Wednesday, September 28, 2022

Incomplete - S g u e

 I enter this space "all or nothing."

And lately, I might be dealing with withdrawal? Hard to confirm for sure. But I am trying to confront how much of my life is consumption and stimulus on a service basis. I get twitchy and want distraction to kickstart my mind and attention. And I am trying to break that impulse. So that might be some of it. But I am tensing in anticipation of something, and I haven't figured out whether I know when and what that release will be. So I am curious to see whether the next few days will bring that resolution. In the meantime, I am trying to fill that time with good things and rhythms. Today, I had focus on a goal, but had to set it aside to honor some other commitment. It is difficult to dislodge my mind from a task when I am finally in the stage of executing my vision. An interrupt command is jarring and discordant.

So when I was able to resume after that pause, I craved a familiar counterrhythm to reengage in that groove. Therefore, I sought out Capital Lights' album "This is an Outrage." If a band ever had my full mind and heart, it is this one. Ever since I heard their track "Out of Control" on a sampler, I knew it was my exact jam. All energy and unusual synth, lyrics weaving both clever and pointed. The band released two albums under the Tooth and Nail label to fulfill their contract, and peaced out to live their lives away from the scene. And yet, there is not a track that the band released that I don't enjoy. The shortened catalogue did not permit a dulling or dilution of their stay through repetition of theme. There was no fall out and it feels complete and perfect to me.

I remember how much I love this album and hold it dear. So today, I am grateful for that being a soundtrack to help me find my rhythm and focus. My week is not over, and neither is my task list. I am uncertain that the completion of that list will solve this feeling of waiting for something. In the meantime, I have conceptualized it as "Divine Discontent", a title of a Sixpence None the Richer album that has stuck in my mind more than the individual songs on it. I will pray and seek the guidance of my Savior, as this longing is currently beyond my reach to comprehend or resolve.

Friday, September 23, 2022

Love - Dream

 Love, that greatest of things, a dream within a dream.

I woke up from a dream in which I was telling a person about love. How people thought it was like ice cream, an almost universally agreed upon good experience except by the lactose intolerant. And even they might want it sometimes. But love can also be like cigarettes or alcohol, in that it leaves its mark on you through your continued exposure, it comes in intense small packages, and you have to choose it often as a habit. Love becomes a part of you, as Rex Harrison talk sings about in My Fair Lady's "I've grown accustomed to her face."

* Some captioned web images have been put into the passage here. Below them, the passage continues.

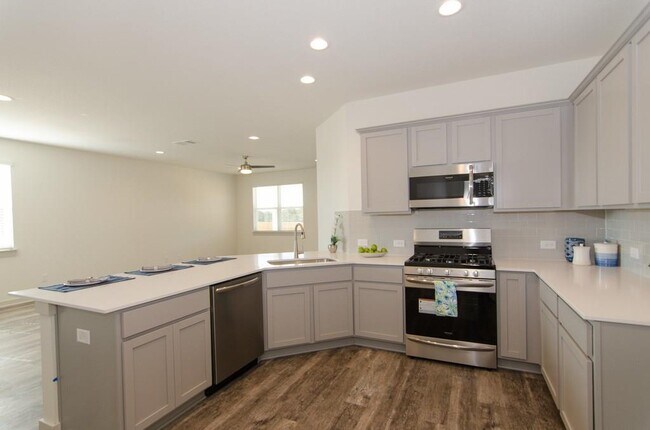 Building Photo - 217 Deserti Rd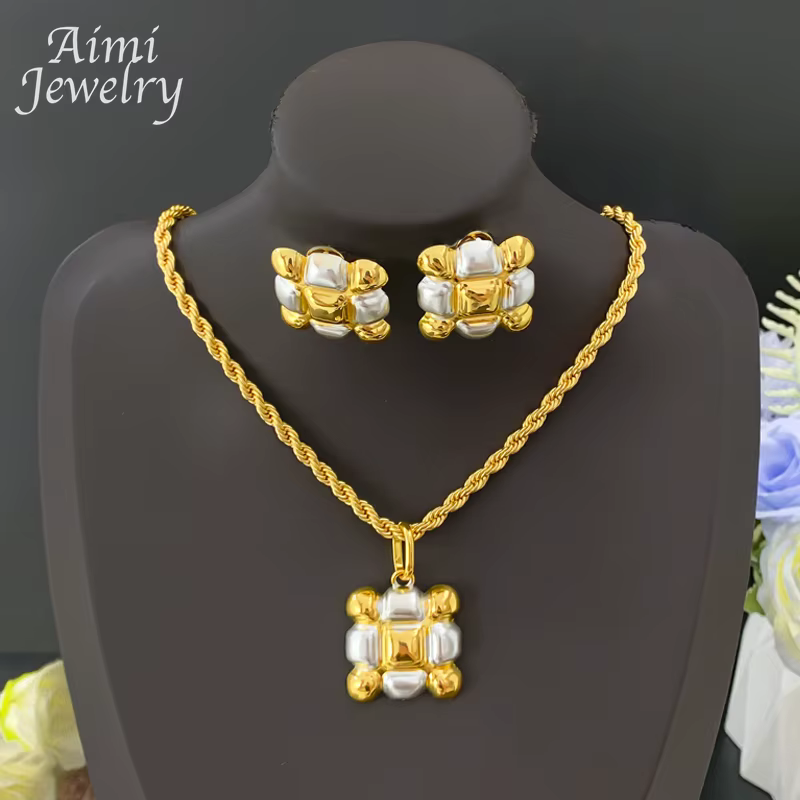Pendentif personnalisé deux tons avec chaîne, collier doré, boucles d'oreilles, ensemble de bijoux 2
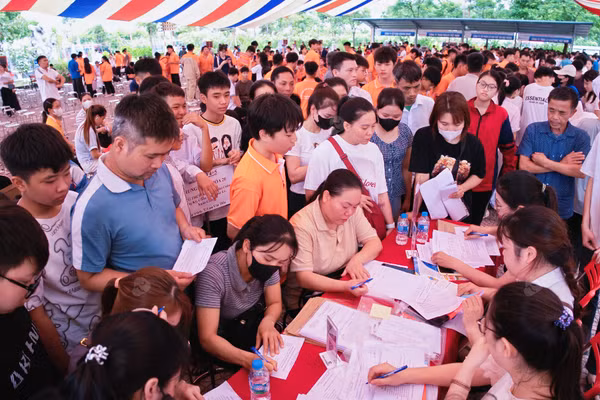 Phụ huynh và học sinh, sinh viên làm thủ tục nhập học.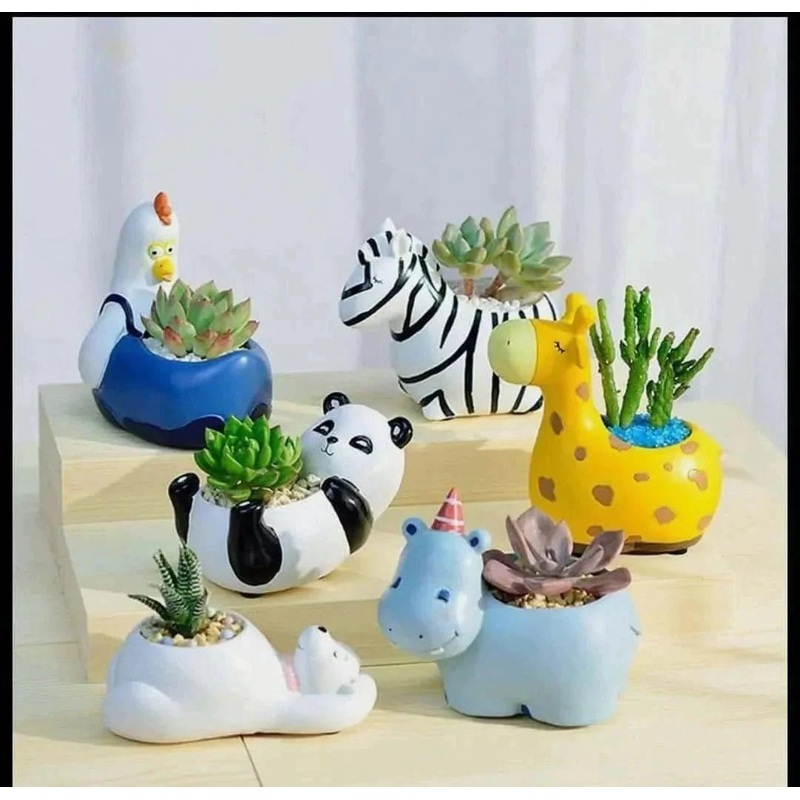 Buy Small Animal Resin Planter Set – 6 planters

Love is famously encapsulated in 1 Corinthians 13. It is endlessly sung about and defined, including people yelling that they want to know what love is, more that they need to to be shown to them. In the musical Hairspray, the absence of it is described with great vigor, a song which is highly beloved of my sisters at karaoke.

And while many have attempted to get it down on paper, the world painted with new discoveries of what it means to people. You learn things about yourself and others and call it out as being through the lens of love. Love is paying attention to minor details, it is taking care of major details, it is responsibility for wrongs done. Love is showing up. Love is listening and knowing when and how to respond to what is said and what goes without saying. Love is enduring pain and hardship for the sake of a commitment or greater purpose found in it. Love is in doing foolish things that bring laughter and delight to the object of your affection. Love is supportive, which requires contact and sometimes a push in a direction of growth or opportunity. And sometimes love is resistance against a familiar pressure, a small seed of self dying to fertilize a greater future growth in a different area.


Friday, February 25, 2022

Storm - Laundry

 I am reminded of the nautical term "Becalmed." Of when sailing ships had no wind in their sails - powerless to harness their great bulk and potential to their destinations. How they must wait and pray for a change in momentum. 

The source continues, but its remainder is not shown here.